では、最初の疑問に戻って、なぜ脳は、眠りのスイッチを毎晩入れて私たちを眠る状態に導く必要があるのでしょうか。睡眠の科学が明らかにした眠りの主な役割は、(1)脳と体を休める(2)脳内の記憶を整理する、の2点。
起きているとき、脳と体は活発に活動しています。定期的に休ませないと壊れてしまうのは人間も機械も同じ。まずは生理的な休息のために眠るわけです。
もう1つの「脳内の記憶の整理」は、起きているときに五感を通じて入ってきた無数の刺激や情報を、脳の「海馬(かいば)」というパーツが、記憶すべきものと捨てるべきものとに分別整理して記憶を定着する作業です。こちらも定期的にこなさないと、脳内の情報がごちゃごちゃと中途半端な記憶としてたまっていき、混乱状態になると考えられます。

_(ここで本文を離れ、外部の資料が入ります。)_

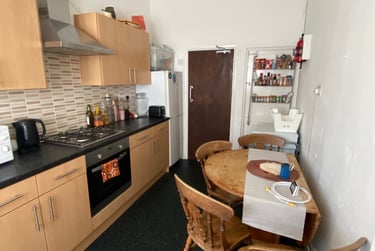 4 bed house, Burns Avenue, Arboretum, Nottingham, NG74DR - Image 3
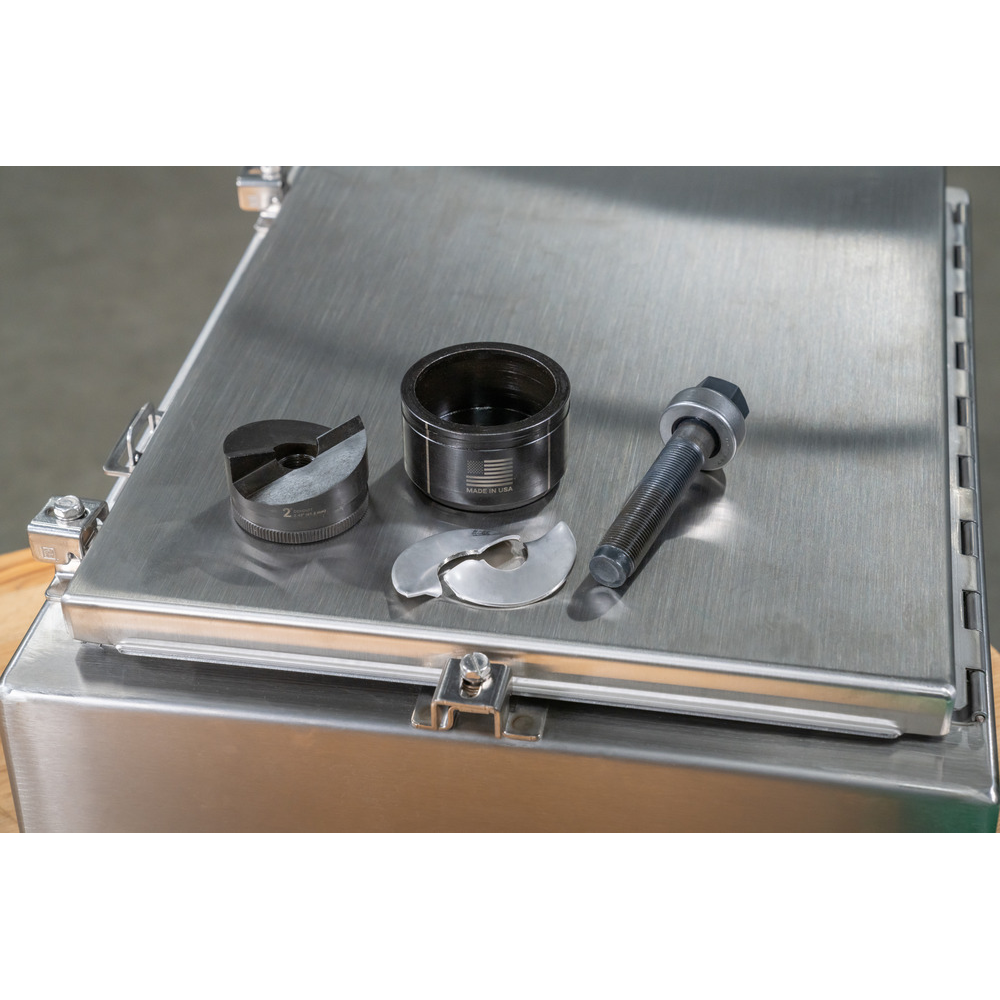 Greenlee 7238SB Manual Knock Out Punch / Puncher Kit with Ratchet 1/2" - 2"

この定期的な休息と整理は、体内の24時間体制の時計に合わせるのが合理的。だから毎晩眠りのスイッチが入る、というわけです。
脳と体を、生理と情報の両面から毎晩休めたり整理したりして、新たな1日に向けてリフレッシュさせる機能が眠りです。もし、眠りがなければ人生をよりたくさん楽しめるどころか、人生の“連続運転”すら危うくなってしまいます。